Она идёт в ванную почистить зубы и помыться перед сном. Зеркало запотело и покрытые плиткой стены тоже. Сколько часов она провела в ванной и что делала всё это время? Девочке скоро шестнадцать — ну да, весной шестнадцать. Научилась мастурбировать? Людмила включает горячую воду и садится на край ванны. Дочка возвращается из школы в переполненном метро или на автобусе. Никогда ничего не рассказывает о мужиках — небось, трутся об неё в утрамбованном общественном транспорте; а те, что ошиваются у пивных ларьков, которыми размечена вся дорога? Должно быть, нашла собственный способ справляться с этим. Некоторые матери посылают дочерей на уроки тхэквондо, чтобы научить их защищаться, откуда только у людей деньги в наши дни на такое? Может, обменять коробку бананов на несколько частных уроков? Людмила не уверена, что дочке это понравится. Девушка полновата и не любит носить облегающую спортивную форму. А ещё надо коммуналку платить.

Она прислоняется головой к стенке ванной. Звук падающей воды, тепло растекается от ног вверх по телу… глаза закрываются, и бананы кружатся у неё перед глазами. Как прекрасен цвет спелых бананов. От них исходит запах экзотической жизни: тропический остров, стоит протянуть руку — и все сыты. Пусть ей приснится, как в их суровом климате уберечь бананы от гнили.

Продавать надо, вот что.

 

Попутчица

Автобус набит до отказа. Светлана устраивается на сиденье у окна рядом с центральной дверью; отсюда она может спокойно наблюдать зрелище, в котором показывают, как москвичи пытаются войти и выйти из автобуса.

Она любит взглянуть с изнанки на миф о гордости, с которой так носится нынешняя молодёжь. Светлана родилась в Москве перед войной, а в войну они с матерью бежали от немцев в Удмуртию. Деревня, где они обосновались, была гиблым местом; она помнит, как весной, когда таял снег, хозяйская собака увязла в грязи, захлебнулась и сдохла. После войны Светина мама несколько лет обивала пороги, умоляя разных чиновников разрешить им вернуться в Москву. Так что для поколения её матери слово «гордость» скорее уж ассоциировалось с умением достать капроновые чулки.

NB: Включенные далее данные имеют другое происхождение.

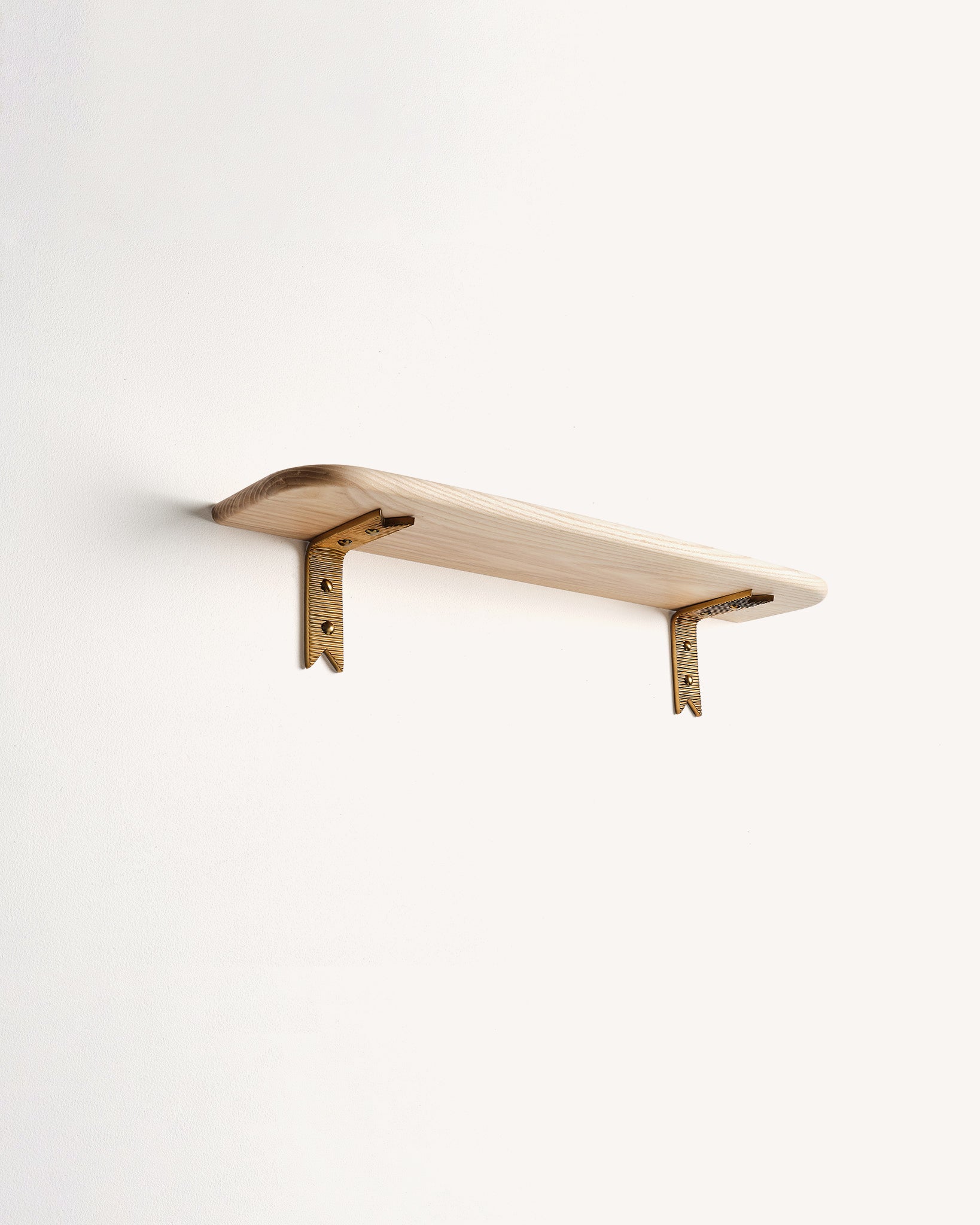 Ribbon Shelf Bracket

Большинство пассажиров толпится у дверей, это не самое удачное решение, поскольку там нельзя держаться за поручни, и внезапные остановки и рывки автобуса мотают стоящих из стороны в сторону. Одна сильно накрашенная дама средних лет чуть не сломала нос, когда резкий толчок отбросил её к металлической стойке. Расталкивая всех локтями, она выбирается из автобуса. Да, с помощью новомодных процедур и косметических средств можно сильно изменить внешность, но знакомый угрюмый взгляд не оставляет сомнений — дама, наверняка, русская.

Девочка с двумя синими бантами, пытаясь защитить от давки маленького брата, сильно наклоняется над ним и при очередном торможении сбивает его с ног; мальчик валится под ноги пожилому подвыпившему мужику, тот вскидывает гневно руки и шипит на детей. Девочка что-то кричит в ответ. Шум мотора мешает Светлане разобрать слова, но, судя по интонации, девочка говорит по-русски.

Желающие попасть в автобус карабкаются по ступенькам и мешают тем, кто хочет выйти. Водитель, действуя самым верным способом, закрывает двери у них перед носом. Штурмующие не дают дверям закрыться. Они кричат тем, кто внутри, чтобы прошли в середину салона. Кто-то проходит, кто-то нет. Всем не поместиться, как ни крути. Группа подростков, которым повезло, потешается над друзьями, оставшимися на холоде. «Русские!» — решает Светлана.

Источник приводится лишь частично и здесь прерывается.